*Exercise brief*:
Your task is to write out every line of the data exactly. Drop the pictures.

┌────────

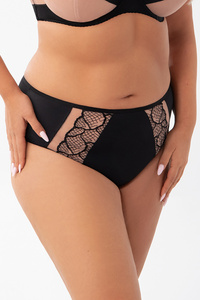 Figi Gorsenia K922 Davika czarny
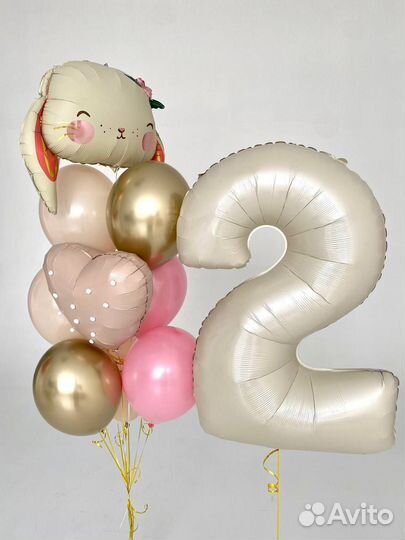 Гелиевые (гелевые) и воздушные шары, доставка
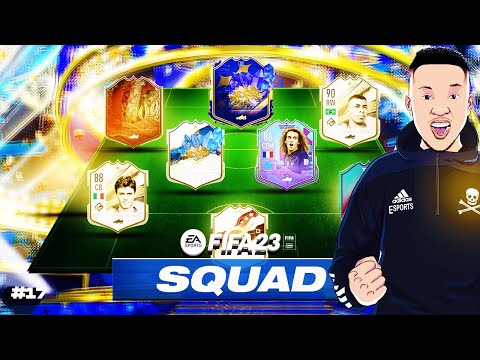 TOTY TIME! I BUILD YOUR TEAMS! 100K,150K,200K,250K,300K,350K,400K,450K,500K,1M,1.5M SQUAD BUILDER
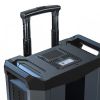 Trolley case, 2515Wh portable power station, for outdoor travel, home backup - Default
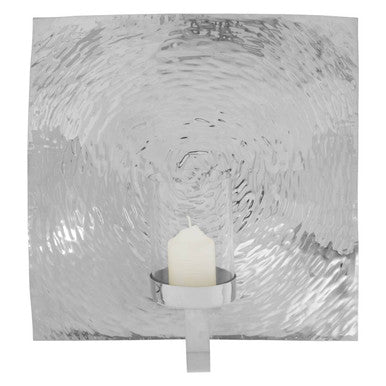 Kensington Townhouse Large Wall Sconce Candle Holder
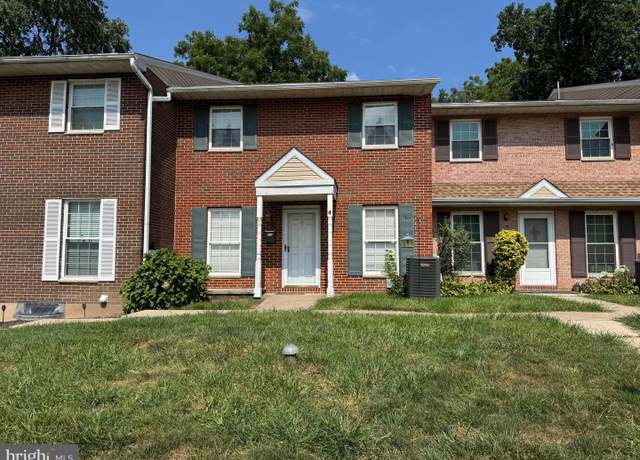 Property at 4 Zummo Way, Norristown, PA 19401, 2 beds, 1.5 baths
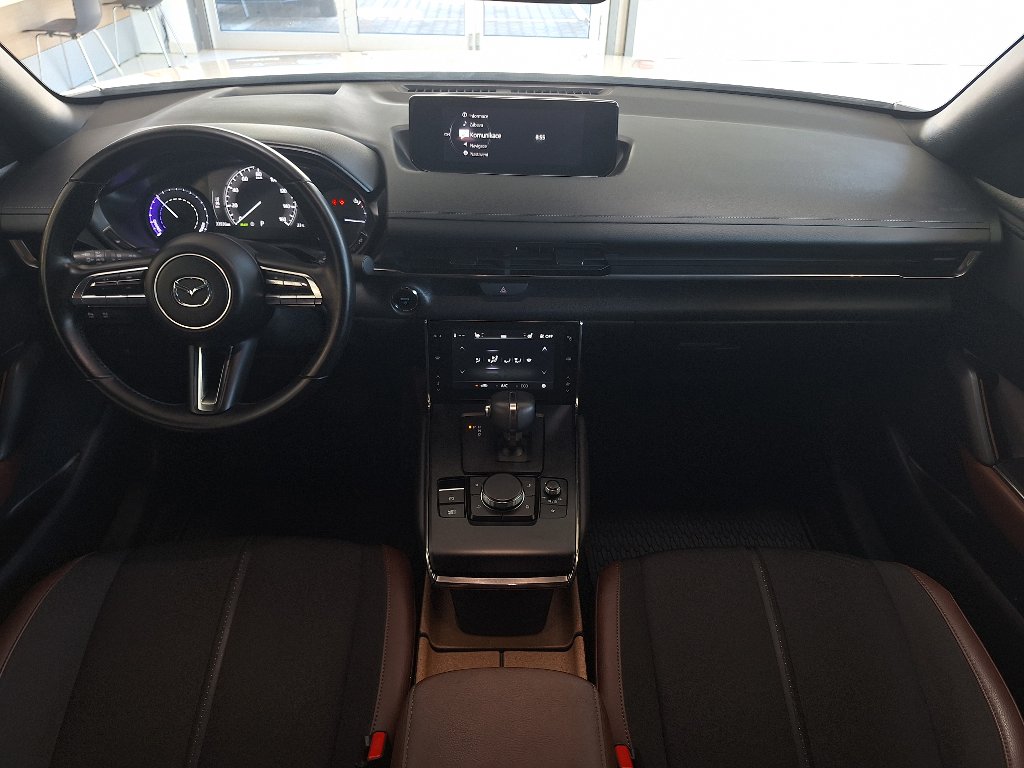 Mazda MX-30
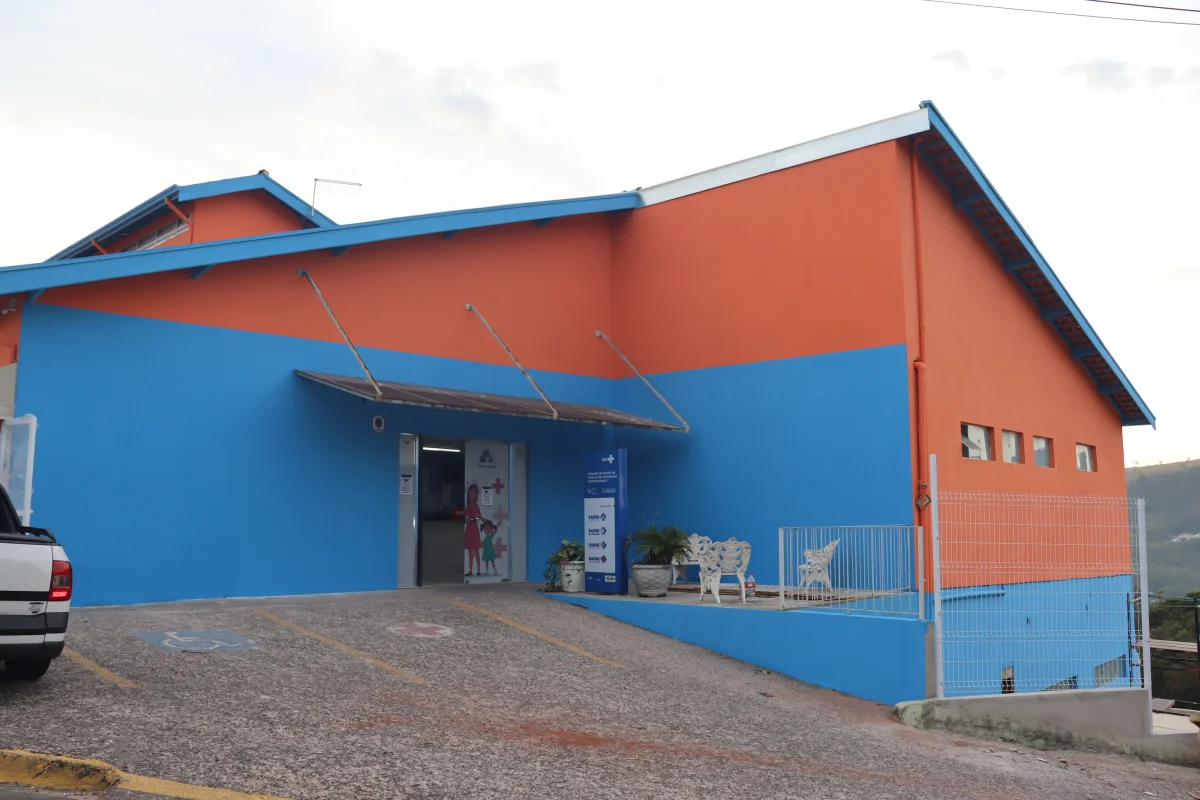USF Dr. Francisco Vicente Braga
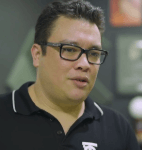 Franco Escamilla Net Worth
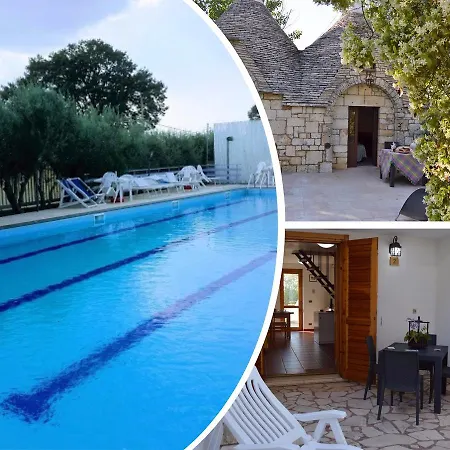 Raggio Di Sole Aparthotel 3*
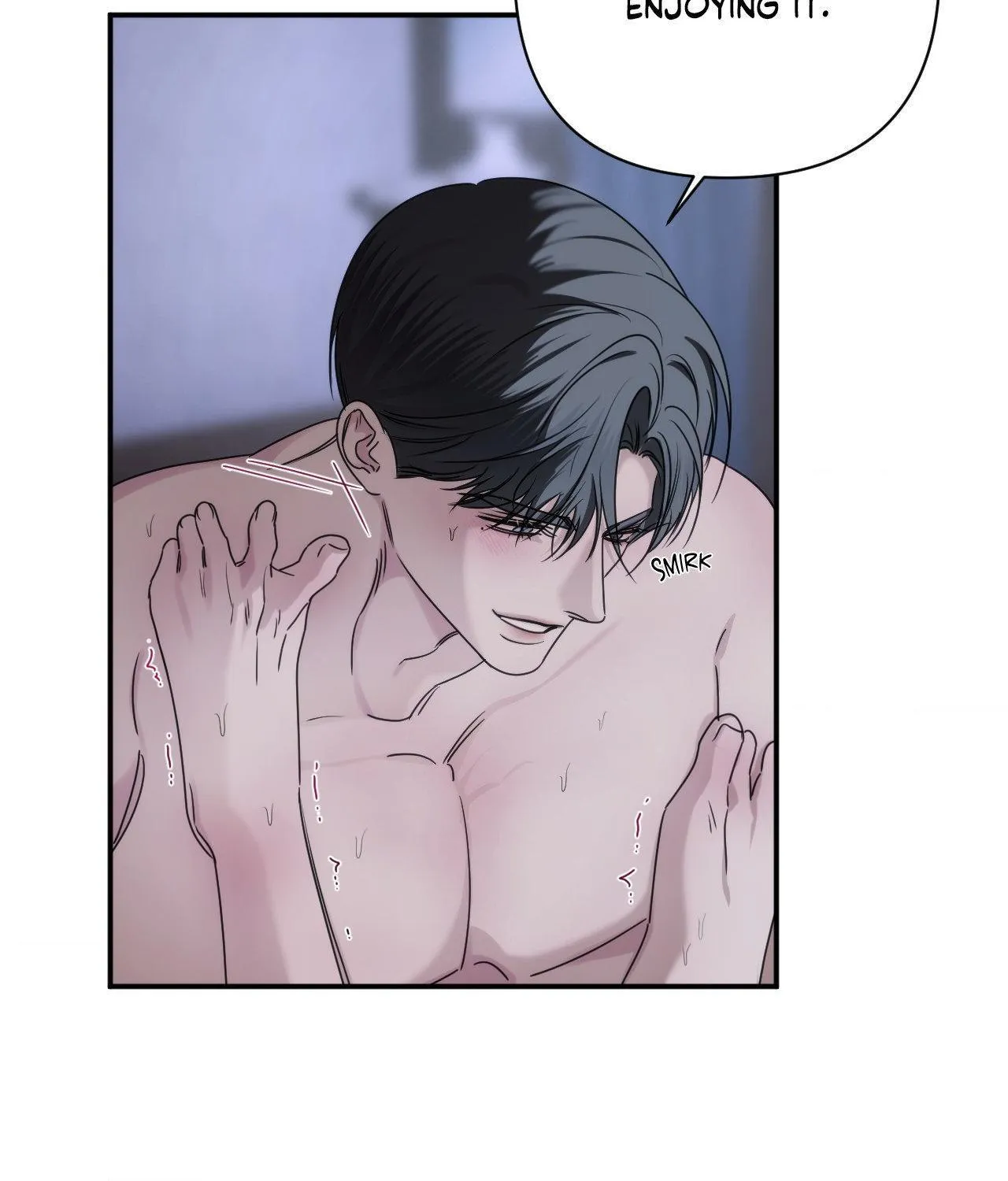 Name Me Chapter 27 page 36 - 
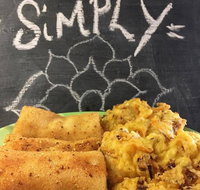 Simply Fusion - Tourism Guide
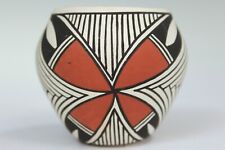 Vintage acoma pottery for sale  Wilton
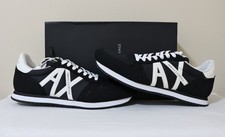 Armani Exchange Men Sneakers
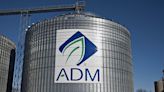 Lucro da ADM caiu 47,5% no segundo trimestre, para US$ 486 milhões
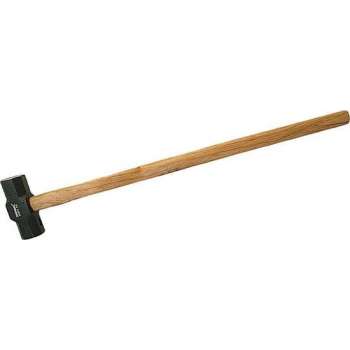 Silverline 633673 Moker - Hardhouten schacht - 3180gr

└────────

*Expected answer*:
 Figi Gorsenia K922 Davika czarny
 Гелиевые (гелевые) и воздушные шары, доставка
 TOTY TIME! I BUILD YOUR TEAMS! 100K,150K,200K,250K,300K,350K,400K,450K,500K,1M,1.5M SQUAD BUILDER
 Trolley case, 2515Wh portable power station, for outdoor travel, home backup - Default
 Kensington Townhouse Large Wall Sconce Candle Holder
 Property at 4 Zummo Way, Norristown, PA 19401, 2 beds, 1.5 baths
 Mazda MX-30
USF Dr. Francisco Vicente Braga
 Franco Escamilla Net Worth
 Raggio Di Sole Aparthotel 3*
 Name Me Chapter 27 page 36 - 
 Simply Fusion - Tourism Guide
 Vintage acoma pottery for sale  Wilton
 Armani Exchange Men Sneakers
 Lucro da ADM caiu 47,5% no segundo trimestre, para US$ 486 milhões
 Silverline 633673 Moker - Hardhouten schacht - 3180gr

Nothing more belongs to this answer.